Con le forze in gioco a Madrid, la sfida sarà gestire le temperature degli pneumatici, specialmente sull’asse posteriore. Accendere le gomme per il giro secco in qualifica non dovrebbe essere un problema, mentre in gara il degrado termico sarà protagonista, ma non si esclude nemmeno quello di natura meccanica. Il nuovo asfalto, infatti, si presenta liscio e a bassa aderenza, condizioni che provocano spesso scivolamenti e fenomeni di graining. Pirelli propone le mescole C2, C3 e C4, ritenute un buon compromesso tra resistenza e degrado, con la sperenza di assistere a un Gran Premio a due soste. Questo, comunque, sarà tutto da verificare, dal momento che la perdita di tempo stimata in pit-lane è particolarmente alta, nell’intorno dei 25 secondi.

Charles Leclerc Ferrari Madrid

La qualifica torna ad essere rilevante

Ad oggi Ferrari è l’unica squadra ad aver girato al Madring, avendo effettuato un Filming Day a luglio con la SF-26. I dati raccolti in quell’occasione, però, erano poco rappresentativi, con un asfalto ancora estremamente impolverato dai cantieri. Al pari di tutti gli altri, quindi, anche per il Cavallino la priorità sarà massimizzare il tempo in pista durante le prove libere. I team saranno affamati di informazioni, necessarie per irrobustire e correlare i modelli di simulazione del tracciato. I piloti, invece, dovranno trovare il ritmo per avvicinarsi sempre di più ai muretti, come è prassi anche a Monte Carlo.

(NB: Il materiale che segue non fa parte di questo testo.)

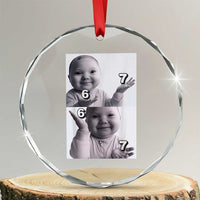 Funny Tuff Baby 67 Meme Crystal Glass Ornament Viral AI Niche Baby Six Seven Hand Gesture - Wonder Print Shop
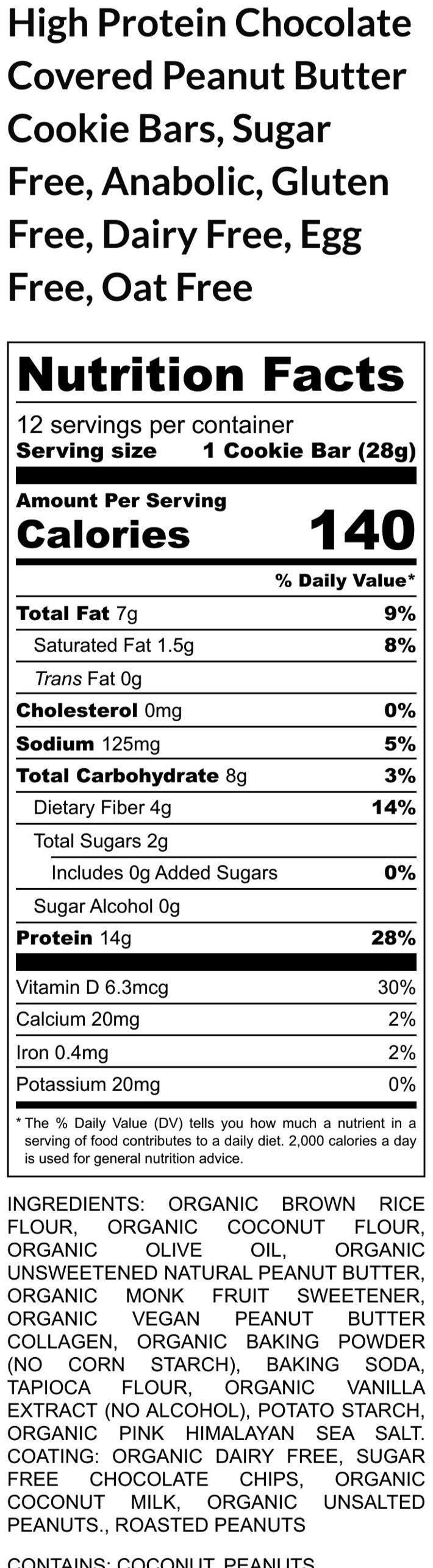 High Protein Peanut Butter Bar, Chocolate Covered, Gluten Free, Dairy Free, Sugar Free, Vegan Collagen, Birthday Gift, Low Carb Easter Candy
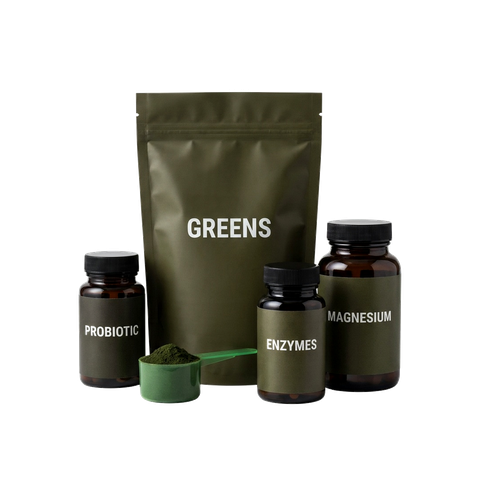 Generic greens, probiotic, enzyme, and magnesium supplement alternatives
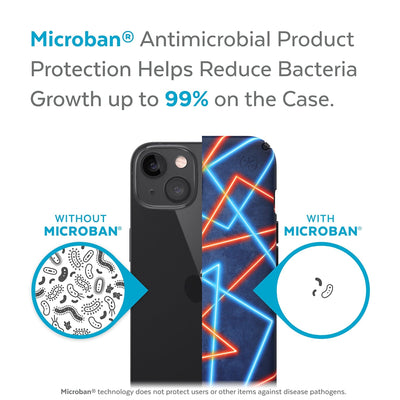 Back view, half without case, other with case, less germs on case - Microban antimicrobial product protection helps reduce bacteria growth up to 99%.#color_electric-feel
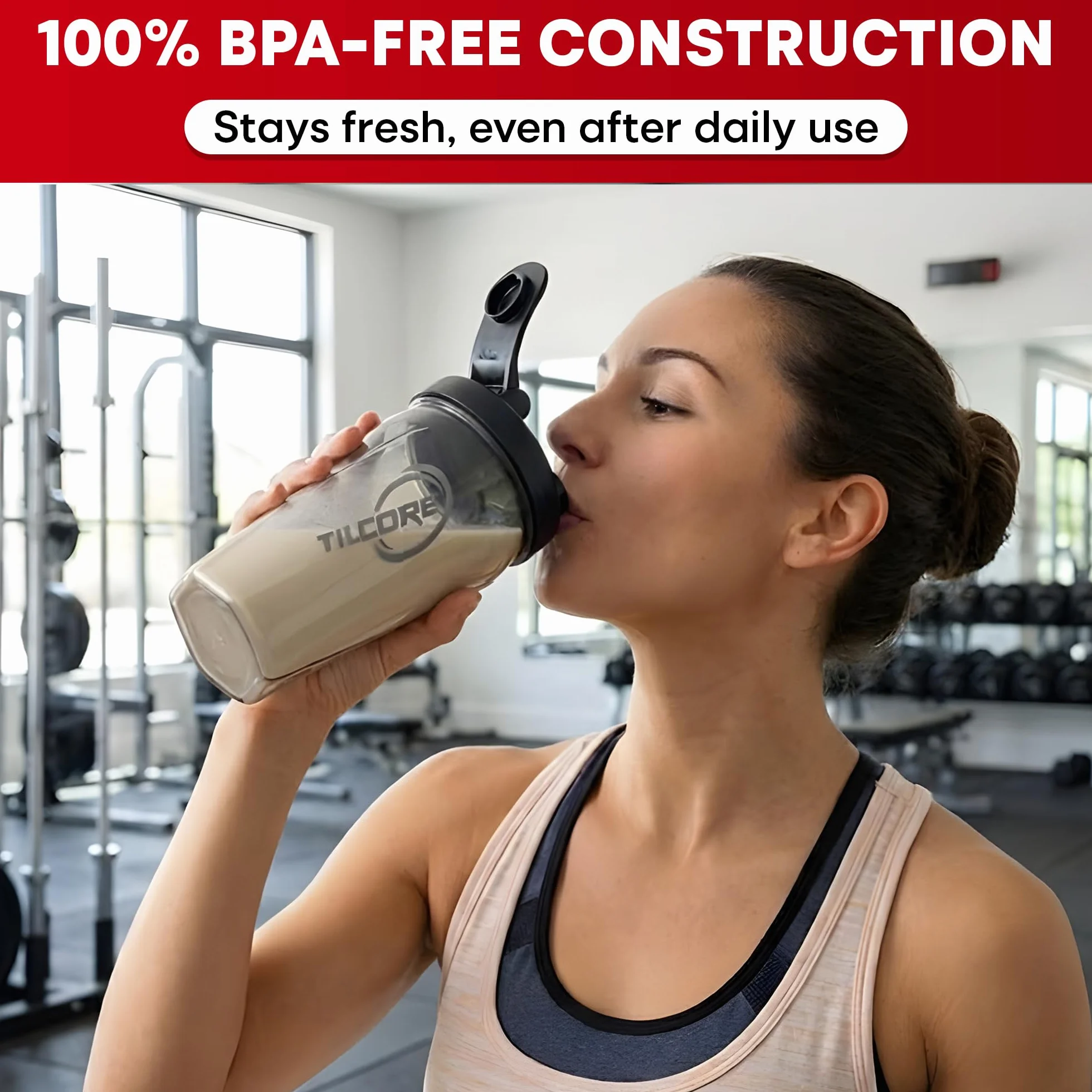 Vortex Protein Shaker Bottle 700 ml – wysokiej jakości kubek do koktajli proteinowych i smoothie, szczelny i trwały, do aktywnego stylu życia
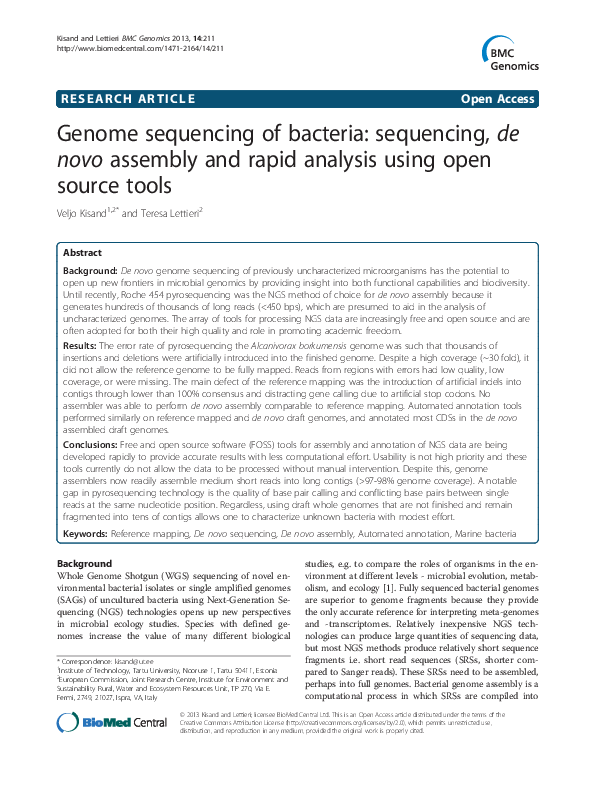 (PDF) Genome sequencing of bacteria: sequencing, de novo assembly and ...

Quello di Madrid potrebbe essere nuovamente un weekend più incentrato sul giro secco rispetto al passo gara. La gestione dell’energia non dovrebbe essere critica, con strategie di erogazione più simili tra le squadre rispetto a quanto accaduto a Monza, il che tende a complicare le opportunità di sorpasso. In qualifica ci si giocherà tanto e bisognerà stare attenti a non farsi cogliere di sorpresa dalla forte evoluzione della pista, inevitabile quando si debutta su un asfalto nuovo. In ogni caso, saper gestire le gomme sarà comunque importante in gara. Ritardando la propria sosta ci si metterebbe in condizione di poter sfruttare eventuali neutralizzazioni, decisamente probabili a giudicare dall’abbondanza di muretti.  

Lewis Hamilton (Ferrari) Madrid Madring
Photo by Denis Doyle/Getty Images

Mercedes vulnerabile, occhio a McLaren

Il quadro gerarchico si prospetta diverso rispetto a quello dello scorso fine settimana di Monza, dove le Mercedes hanno fatto la voce grossa, sfruttando la loro superiorità in rettilineo. A Madrid, invece, le Frecce d’Argento potrebbero essere in una posizione più simile a quella in cui si erano trovate a Budapest e Zandvoort, ossia in lotta per la vittoria, senza però essere necessariamente il punto di riferimento. La McLaren, invece, ha tutte le carte in regola per ben figurare, mentre sarà da scoprire la competitività della Ferrari con il motore aggiornato su una pista più tradizionale. In ogni caso, è ormai assodato che in questa Formula 1 vince chi riesce a mettere tutto assieme, a maggior ragione su un circuito nuovo dove le incognite abbondano.